Contener la rabia

He tardado treinta y tantos años en darme cuenta desde dónde escribo, desde dónde pienso y desde dónde existo. Soy feminista y esa es y ha sido mi lucha, aunque no siempre la he reconocido como tal. 

Recuerdo aquella indignación primigenia cuando en el instituto hubo un debate sobre la moralidad del aborto desde puntos de vistas cristianos. Eran los 90 en Vitoria. O ibas a una escuela religiosa o ibas a una ikastola, no había término medio. Yo acababa de dejar el colegio de monjas de niñas bien, un universo femenino y uniformado que miraba para adentro y susurraba por las esquinas, para ir a otro de curas de mayoría masculina que gritaba por los pasillos con sus ropas ‘de calle’. Se abría ante mí la puerta de la madurez con el nombre de tres siglas grabadas en ella. Decir que ibas a BUP era tan de mayores como alardear de que fumabas en el parque o de que hacías pira. 

En esta apertura al mundo en el que me hallaba se produjo el debate de marras. El Gobierno socialista había dado un paso más para la libertad de la mujer añadiendo un supuesto a los otros dos ya existentes. A la malformación del feto y al caso de violación se le añadía el consistente en despenalizar el aborto cuando el embarazo produjera a la mujer una situación de angustia o ansiedad. «Pero, ¿cómo? –se debieron preguntar los guardianes de la moral con las manos en la cabeza– ¿qué ya no es preciso que la mujer alegue que está loca? ¿Qué basta con que diga que está angustiada? Dios nos asista». Así que lo que realmente se debatía en esa sala concurrida de chavales con atuendos noventeros era si la vida de un individuo nonato dependía de la siempre frágil salud mental de las féminas. Algo empezó a incomodarme en la silla y no, no era la compresa con alas de mi regla recién estrenada. 

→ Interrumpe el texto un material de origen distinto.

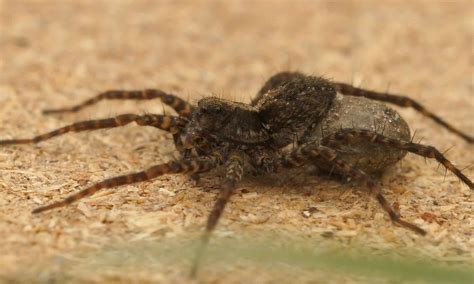 Wolf Spiders in Michigan: Everything You Need to Know - A-Z Animals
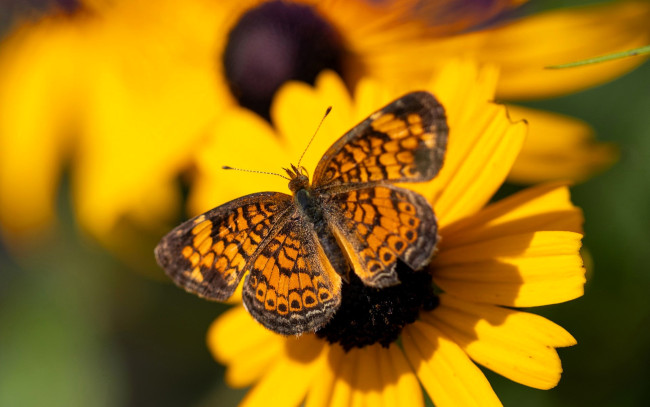 Обои картинки фото животные, бабочки,  мотыльки,  моли, бабочка, цветы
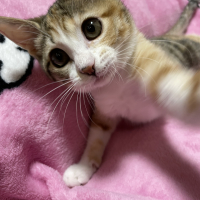 おちゃこ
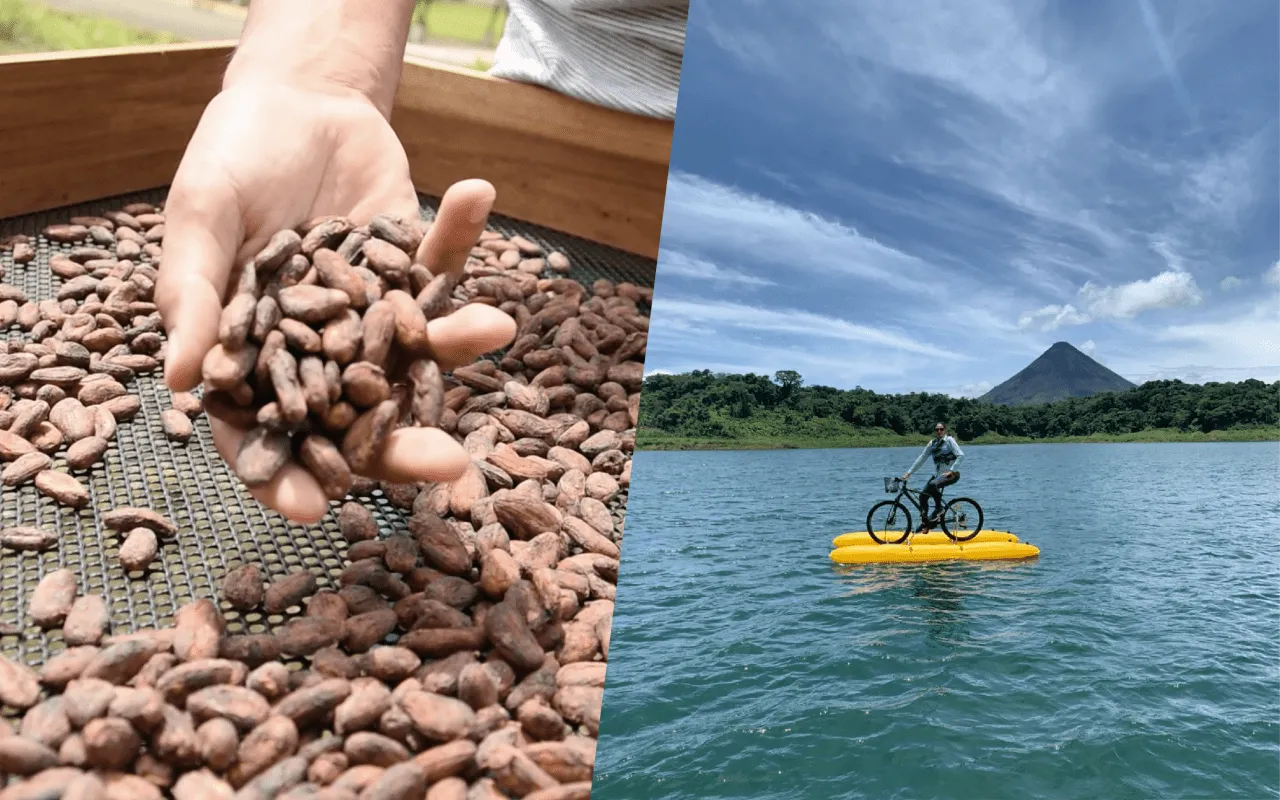 imagen de cacao y destino turístico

Mi desconcierto aumentó al constatar que en la mesa que presidía el auditorio los que llevaban la batuta eran curas con algún otro profesor seglar que guardaba silencio, o que lo habían silenciado, nunca supe. Y esos curas, como había descubierto hacía poco, llevaban pantalones debajo de las sotanas. Es decir, eran hombres. Ellos representaban la autoridad moral en la materia, en cualquier materia, y lo que las escasas chicas pudiéramos argumentar no tenía importancia. Recuerdo haberle espetado en toda la cara a uno de ellos que quién demonios era él para decir que eso no estaba bien, él que nunca se vería en tal supuesto, nunca en la vida, ni como posible padre. Me senté roja como un tomate y solo conseguí levantar la hilaridad entre mis compañeros y una amonestación por parte del director. 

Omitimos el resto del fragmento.